For me, writer's block is usually a case of "I don't know where to go next." So, the answer is quite simple. Write down what you want to do. Plan plot points ahead, bullet-point style. No need to insist on specifics unless they're important to your vision. Writing down nice set-piece ideas ahead of time and figuring out where to fit them into the plot later is also a decent idea. I like to also go out of my way to write down the next 5-7 scenes, what happens in them, and what order they happen in, so I don't have to juggle making large-scale planning decisions and writing the damn book. As for the specifics, I usually improvise and sometimes I get cool stuff that accidentally happens as a result.
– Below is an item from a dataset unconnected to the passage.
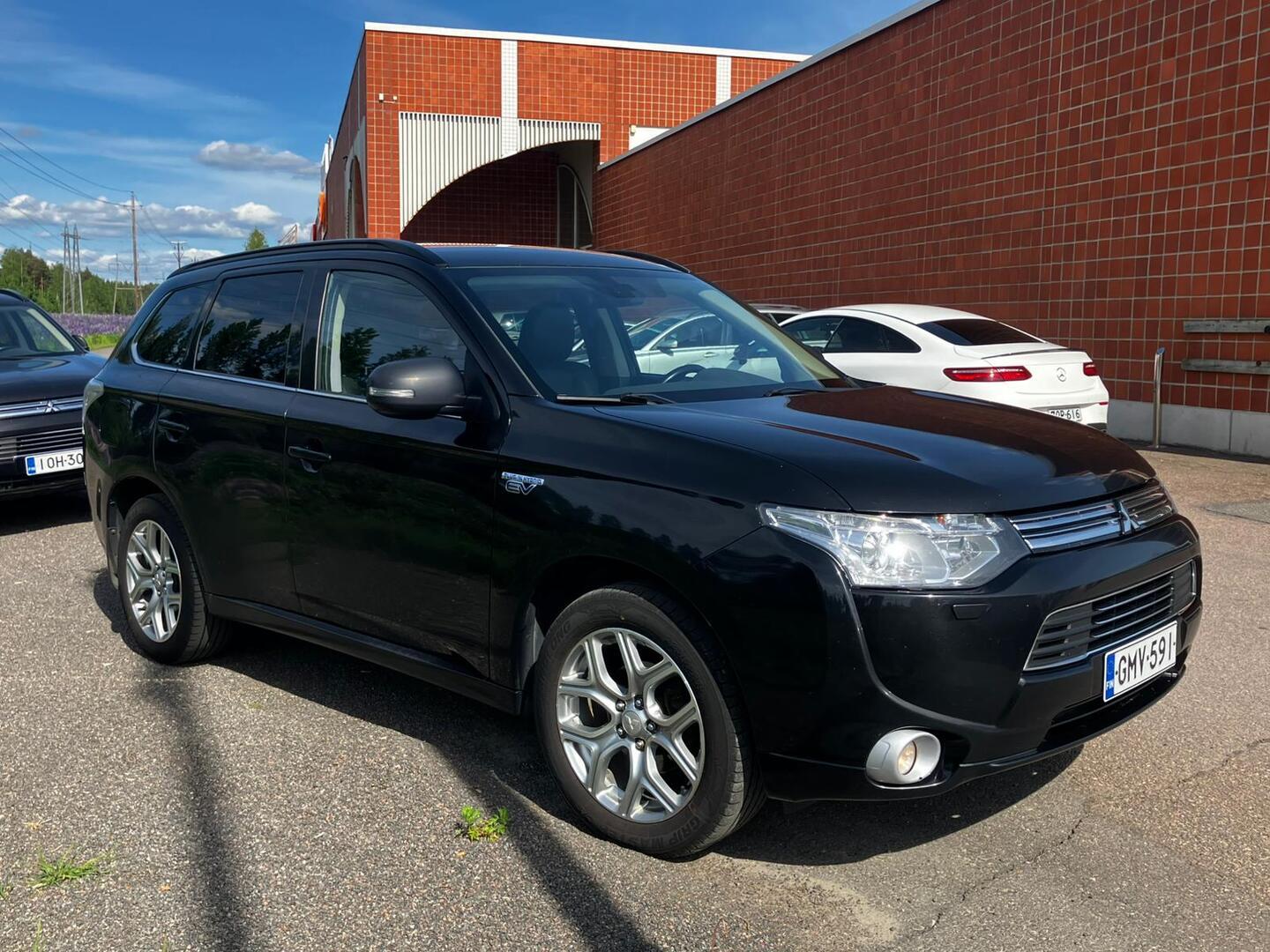 MITSUBISHI Outlander 2014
But, as for the more specific complaint that "everything you write is trash now", I get it, man. I've been there before, where I feel what I'm writing is absolute trash and as far as can be from the high art I instead seek to produce, so terribly imperfect and amateurish, and a very important thing to remember is that most book development isn't necessarily linear. It's often better to simply get a basic scene that does the bare-bones function of moving the story forward done in one day, no matter how much of a foot-slog it feels like, than to agonize over it for a week in the hopes that you happen to come up with gold. Sometimes I come up with scenes that I simply don't have the mental stamina to write out the specifics of, so I literally just skip them once I've got the general bullet points of what happens down(only those important on the larger scale, not a play-by-play) and write on. Once I've gotten a complete, basic story, I stencil in the smaller details and sometimes rework some minor plot executions to get everything nice and smooth.
At times, with the way I write, the precise motives of my own characters are unclear to me until later on down the line—not to say that I had no clue at the time, I just couldn't verbalize the specifics.